Jetzt kommt Leben in die Halle, denn der Kran-Arm am Tor schwenkt sich in Position. Er hievt die Stauelelemente, die die trockene Halle vom Thunersee trennen aus der seitlichen Führung und legt sie, eins nach dem anderen, sorgfältig draussen vor der Halle ab. Jetzt strömt das Wasser des höheren Seespiegels mit lautem Rauschen in die Halle. Es kräuselt sich erfrischend meinem Kiel entlang, weckt meine Lebensgeister und steigt an, bis schliesslich der ganze Rumpf unter Wasser steht. Mich ergreift ein Gefühl grosser Freude und unbändigem Freiheitsdrang. Sorgsam und unaufgeregt entert mich die Crew aus einem kleinen Boot heraus, während ich spüre, wie sich das Gewicht meines Rumpfes auf den Holzblöcken am Grund zu entlasten beginnt. Ich schwimme! Alles, was mich jetzt noch hier drin hält, sind die seitlichen Leinen, mit denen ich an den Pollern am Hallenrand vertäut bin. Der Chef-Kapitän steigt behende in die erhöhte Führerkabine, startet den Motor und schon beginnt das Kühlwasser an verschiedenen Stellen am Rumpf in einem Strahl ins Wasser zurückzufliessen.
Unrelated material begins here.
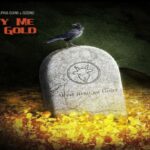 Paybac Iboro ft Alpha Ojini X Ozone – Bury Me For Gold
Um meine Schiffsschraube rotieren die Wassermassen und aus meinem Kamin steigt ein zarter Dampf auf. Da ist er, der charakteristische tiefe Hornstoss, der in der Halle eine schöne Resonanz findet und den ich schon vergessen geglaubt habe. Die seitlichen Leinen lockern sich, während ich mich in eine langsame Rückwärtsbewegung versetze. Sie werden nur locker durch einen Mitarbeitenden der BLS geführt, der sich entlang des Beckens in Richtung Hallentor bewegt.

Ein langersehnter Wunsch geht heute in Erfüllung. Gemächlich verlasse ich unter der Steuerung des Kapitäns die Werfthalle im Rückwärtsgang. Raus in die Freiheit mit Blick auf Eiger, Mönch und Jungfrau, unter stahlblauem Himmel, vorbei an der geparkten MS Stockhorn bis hin zur leicht zurück versetzten Anlegestelle vor der Werft. Der Tag könnte nicht schöner sein, als ob sich das Berner Oberland für diesen besonderen Anlass rausgeputzt und den Thunersee gebügelt hätte. Die Zaungäste folgen mir entlang des Stegs, beobachten aufmerksam das erste Anlegemanöver und beim genau hinsehen habe ich den Eindruck, das eine oder andere glänzende Auge zu sehen. Welch ein Ereignis, welch eine Freude, nach all den Auf und Abs tatsächlich betriebsbereit und in neuem Kleid kurz davor zu stehen, wieder im Thunersee Dienst tun zu dürfen.

Die Tage bis zur öffentlichen Einweihung vertreibe ich mir mit Testfahrten, Fahrstunden mit den neuen Kapitänen und der Besichtigung sämtlicher Anlegestellen rund um den See. Das grosse Einweihungsfest findet am Samstag, 31. August, ab 14.00 bis 16.30 Uhr an der Ländte in Thun Hofstetten statt. Sind sie auch dabei? Ich freue mich auf ihren Besuch!